» **SUPPLIED DATA**:

—————

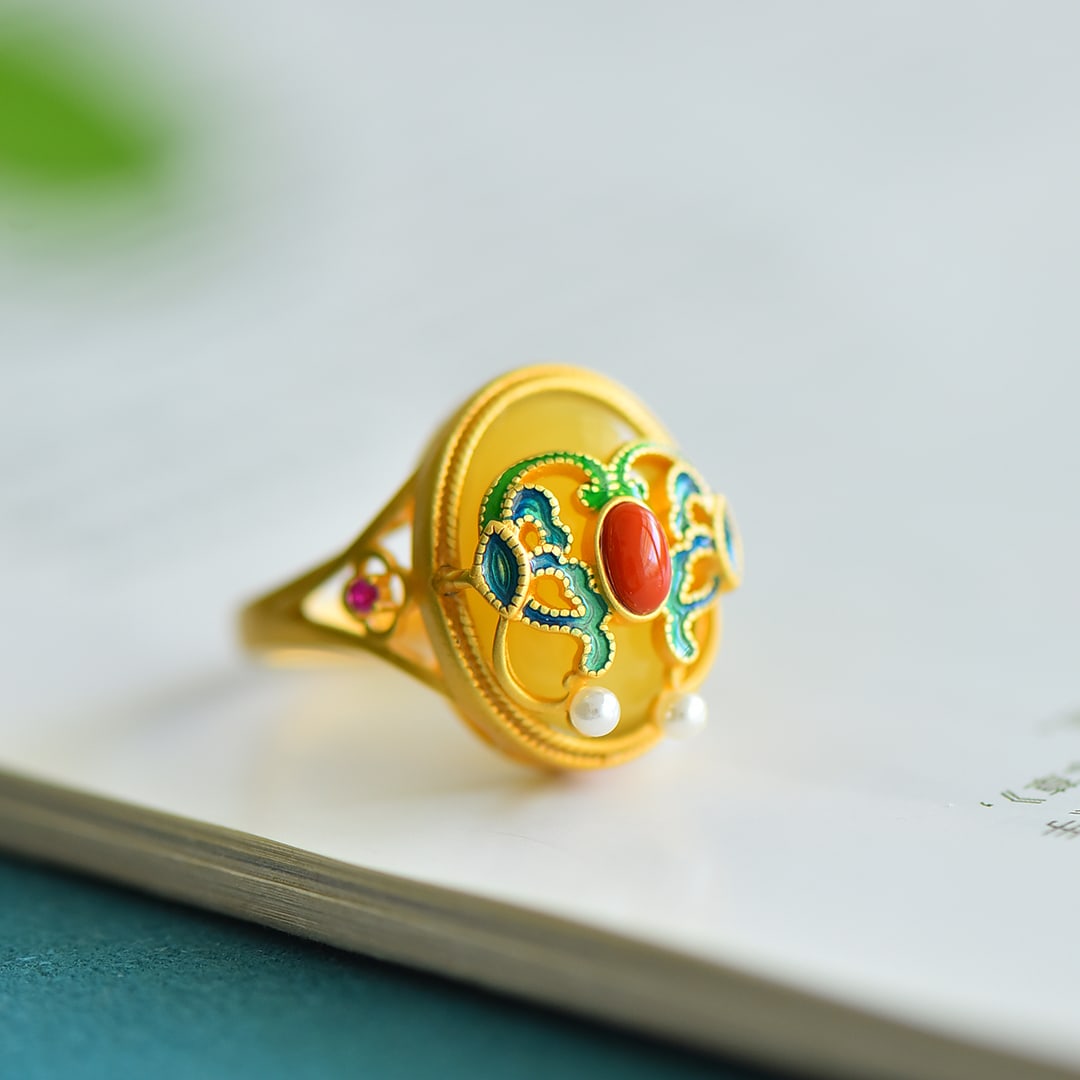 An Exquisite Sterling Silver-Gold Plated Inlaid Amber Enamel Ring,Inlaid Pearls: An Exquisite Sterling Silver-Gold Plated Inlaid Amber Enamel Ring,Inlaid Pearls,Size:12mmx16mm 寓意:好运连连,万事如意 纯银໬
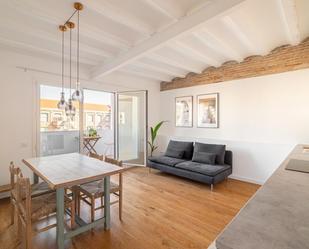 Sala d'estar de Apartament de lloguer en  Barcelona Capital amb Aire condicionat, Calefacció i Moblat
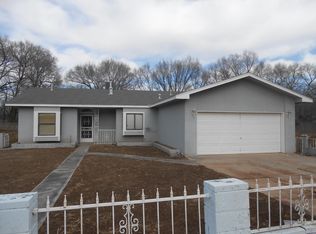 42 Mountain Shadows Rd, Corrales, NM 87048
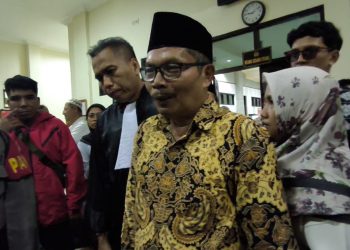 Mantan Sekda NTB Rosiady Sayuti Dijatuhi Hukuman 8 Tahun Penjara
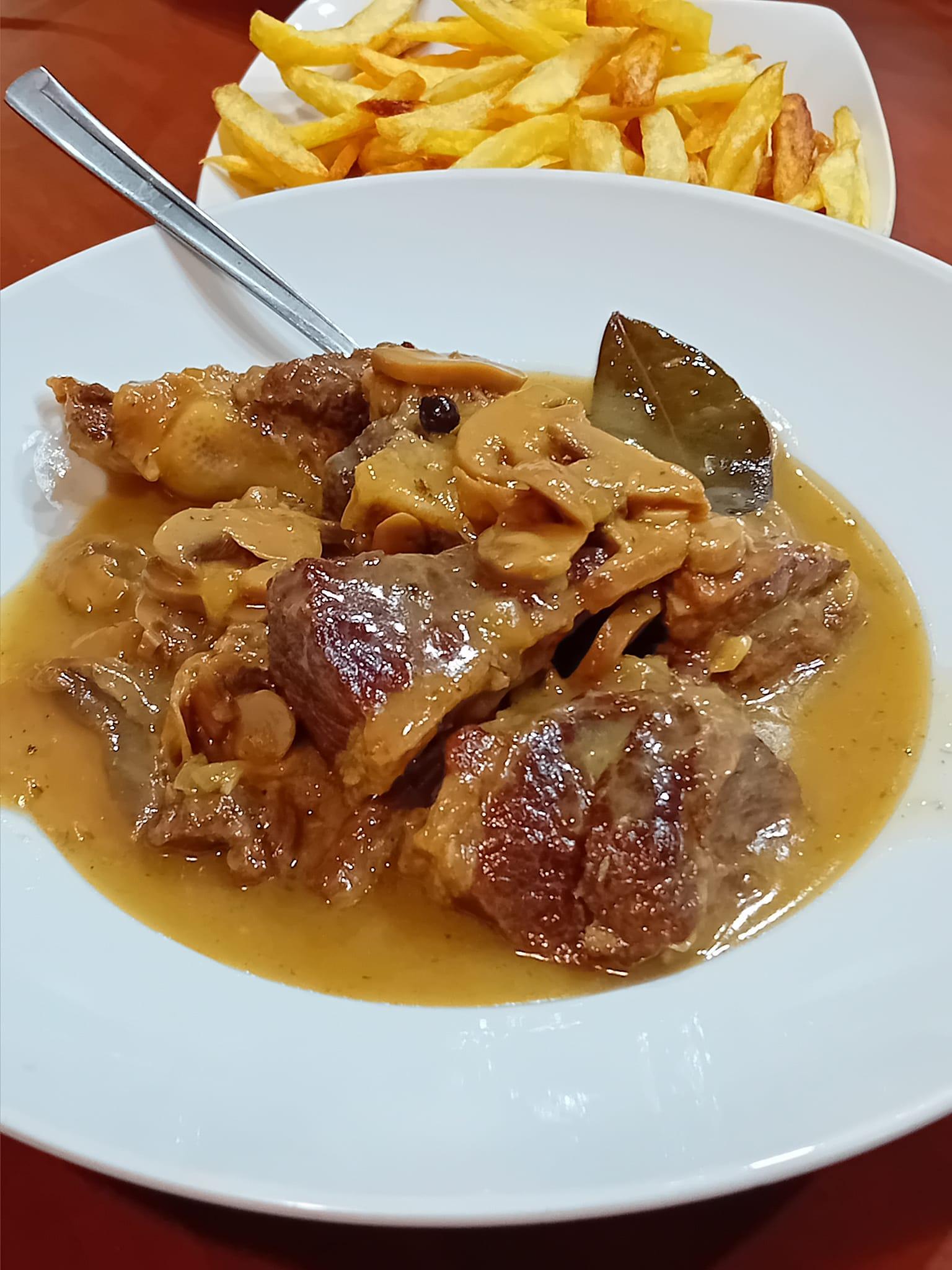 μοσχάρι-λεμονάτο-με-μανιτάρια-συνταγή-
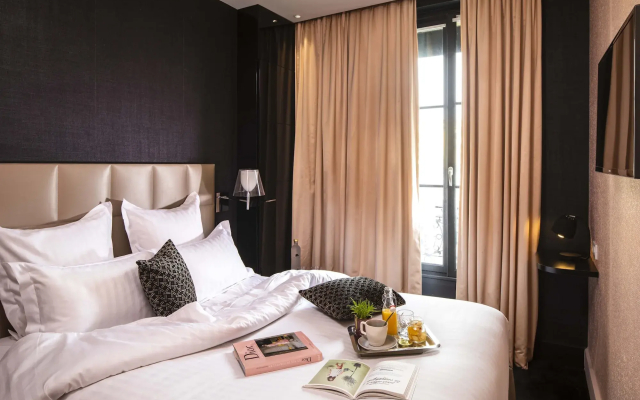 First Hotel Paris Tour Eiffel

—————

» **EXERCISE DIRECTIONS**:
Give back, word for word, the lines from the one with "Mantan Sekda NTB" to the end of the records above, and no pictures.

» **SOLVED EXERCISE**:
 Mantan Sekda NTB Rosiady Sayuti Dijatuhi Hukuman 8 Tahun Penjara
 μοσχάρι-λεμονάτο-με-μανιτάρια-συνταγή-
 First Hotel Paris Tour Eiffel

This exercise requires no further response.